Игорь Кузьмичев - Жизнь Юрия Казакова. Документальное повествование
Путешествуя по карельским тропам и озерам, в краю лопарей, Казаков думал о том, какая бездна с незапамятных времен отделяла недвижную и нерушимую жизнь, скрытую здесь за диким, поистине языческим пейзажем, от жизни так хорошо всем знакомой, цивилизованной, исторически представимой, запечатленной в бесчисленных книгах, в живописи, в музыке. Жизнь в этом краю вершилась по каким-то иным, неведомым уставам, и «чем жила все эти столетия наша земля, какие были войны, революции, какие Бетховены и Толстые рождались и умирали – ничего этого тут не знали, и время для этого народа как бы и не текло, так же как не течет оно для этих камней и озер».
Но так ли это? И может ли быть нем и безразличен к мировой истории даже первобытный народ?
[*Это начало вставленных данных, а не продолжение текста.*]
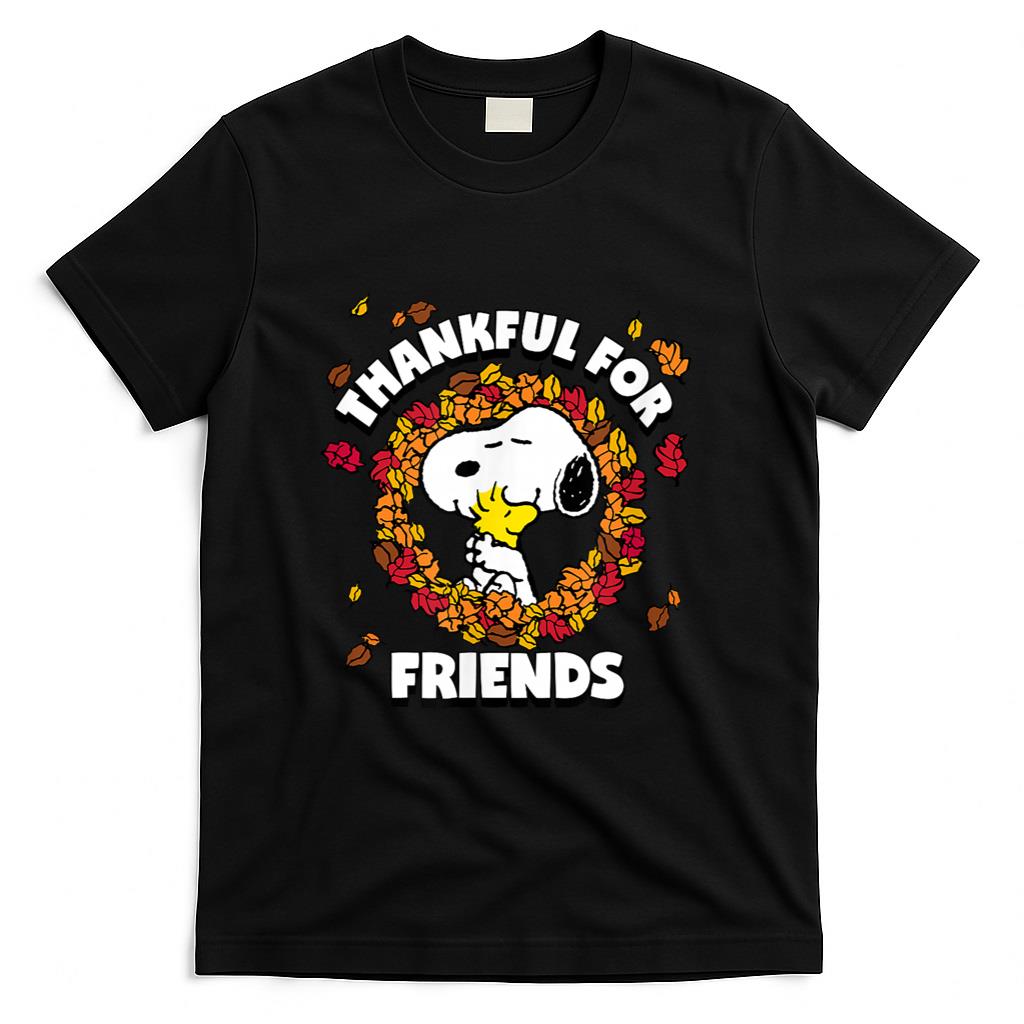 Peanuts - Snoopy Woodstock Thankful For Friends Leaf Circle T-Shirt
Может ли он существовать без своего искусства?
Слушая напев «Калевалы», а напев этот был так же «первобытен и прост, как эти камни и сосны», Казаков воочию убеждался, насколько эпос карелов внутренне слитен, сроднен с величественной северной природой. Этот эпос – подобно русским былинам, сказкам и песням – свидетельствовал о таком концентрированном духовном богатстве, какое готово поспорить с самым выдающимся «именным» искусством.
Народный северный эпос, в любом его национальном выражении и форме, конденсирует в себе титаническую творческую силу – внеличную, коллективную, древнюю – и дарит ее в наследство современным художникам, в первую очередь тем, кто, связав с Севером свою судьбу, уверовал в целительность всего «вечносущего», родового, кто на себе почувствовал здоровую, очистительную свежесть суровой северной стихии.
Одним из таких бесконечно преданных Северу, мудрых и мужественных художников был Рокуэлл Кент. Картины, искусство Кента, его характер и сам его образ жизни являли собой пример удивительной человеческой цельности, за что так высоко и ценил его Казаков.
Все картины Рокуэлла Кента, – писал он в 1961 году, посетив выставку художника, – «как одна песнь человеку и природе, солнцу и морю, горам и вересковым долинам, домам и шхунам. На его картинах горят могущественные солнца, окруженные багровыми световыми кольцами; ослепительной белизной сверкают снега; страшные ледники обрываются в изумрудные моря; работают у моря на берегу люди, и у людей этих ноги, как столбы, плечи широки, лица мудры и спокойны; дома этих людей строены навек – не только для себя, но и для правнуков. Север – страшный, ледяной и немой и первозданно прекрасный, завораживающий – дышит на нас с картин Кента. Чтобы так писать о земле, надо чувствовать ее всем телом – ногами, глазами, ушами, руками, – надо падать на нее в изнеможении, надо строить на ней дома или рубить лес, надо ходить по ней, смотреть на нее неустанно, надо плавать по ее морям и рекам, ловить рыбу, есть и пить с ее обитателями и вместе с ними страдать или петь песни, когда уходит горе и приходит радость».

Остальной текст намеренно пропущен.